The ordinary, the unexpected and the inconceivable all intersected during the Timberwolves' 106-94 victory over Portland on Wednesday night at Target Center.
The ordinary: Kevin Love's 29-point, 16-rebound evening that seemed routine in comparison to Saturday's 42-point game at Portland and Monday's 39 against the Clippers.
The unexpected: A kid in the crowd that clamors for autographs when the Wolves leave the court at halftime turned toward a buddy after players had hurried past and wondered aloud if he had missed Wes Johnson, the second-year Wolves swingman who had been all but forgotten this season until he produced a season-high 19 points.
And the inconceivable, at least until not all that long ago: If the season ended Wednesday night, the Wolves would be in the playoffs.
They reached eighth place in the Western Conference -- tied with Houston, but owners of the tiebreaker -- by winning their third consecutive game, their fifth in a row at home and their eighth of 11 overall.
Until Saturday, they hadn't beaten the Trail Blazers for nearly five years and now they have done so twice in five days.
There's something building here, Timberwolves Nation.
"I just hope it's confidence," Wolves coach Rick Adelman said when asked what that something might be. "They know if we get a rhythm, if we play the way we're capable of, we can continue to win games. There is a confidence level. There is a difference tonight."
On Wednesday, it surged from the most likely suspects -- namely Love, who had 15 points in the first quarter, 20 by halftime and 24 through three quarters -- to the least, a guy named Johnson.
Until Wednesday, Johnson could hardly make a shot, problematic for a starting small forward, a position filled with top-notch scorers throughout the league. He made four of his first five shots against the Blazers and just kept going, all the way to an 8-for-11 night in which he scored on everything from three three-pointers to putback dunks even though he didn't play in the fourth quarter.
"I'm a shooter, so I just got to shoot the ball," he said. "I wasn't down, I wasn't losing confidence in my shot. It just wasn't going in. I just tried to stay with it. Tonight, it was going in. I felt it as soon as the first shot. I was just out there playing basketball."
Love and Johnson pushed the Wolves to an 81-72 lead after three quarters before Adelman turned to a lineup that included Love at center, rookie Derrick Williams at power forward, Martell Webster at small forward, Luke Ridnour at one guard and first J.J. Barea, then Ricky Rubio when Barea once again sprained an ankle midway through the fourth quarter.
That group kept the Blazers away, limiting All-Star LaMarcus Aldridge to five second-half points (including only two in the fourth) after he had scored 17 in the first half on an array of jumpers.
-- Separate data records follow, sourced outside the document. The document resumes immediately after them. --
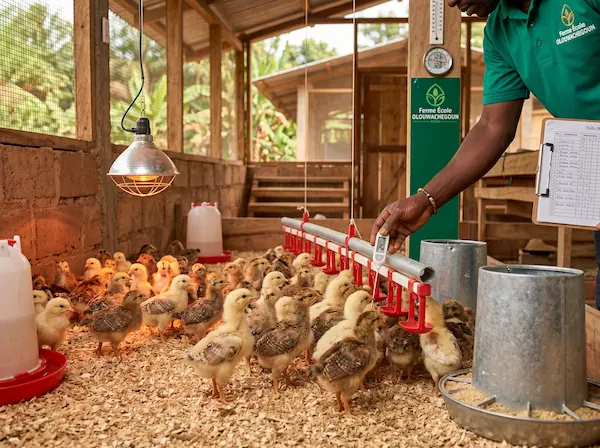 Optimiser le démarrage des poussins Goliath en climat tropical
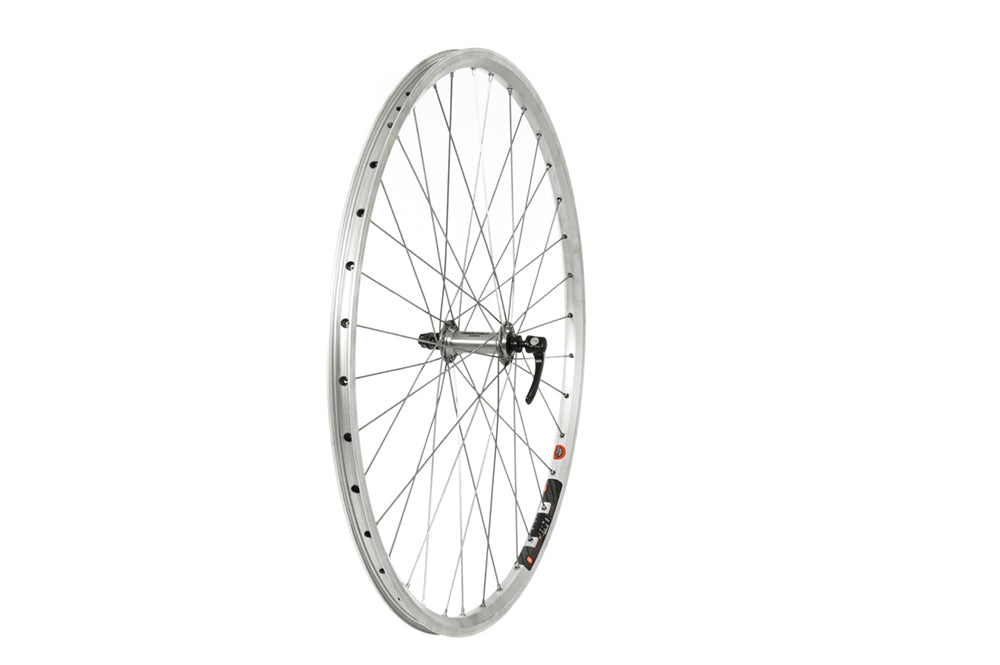 Tru-build wheels 700C Front Wheel, Shimano Deore Hub, Mach1 240 Rim, Silver.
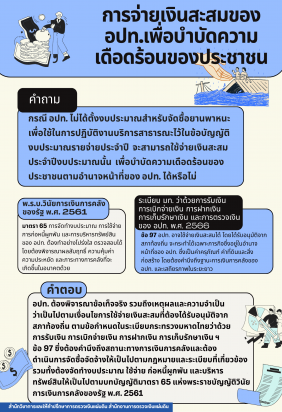 การจ่ายเงินสะสมของ อปท. เพื่อบรรเทาความเดือดร้อน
When the Blazers pulled within 90-84 midway through the fourth, Ridnour responded by scoring seven consecutive points to push Portland away.
And suddenly, the Wolves have moved into eighth in the West, just 2 1/2 games out of a tie for third.
"We're talking about it, we're talking about the fact that we are relevant," Adelman said. "There is no reason we are any different than anyone else fighting for those spots. We can win games and we can stay right there. That is what we are building towards."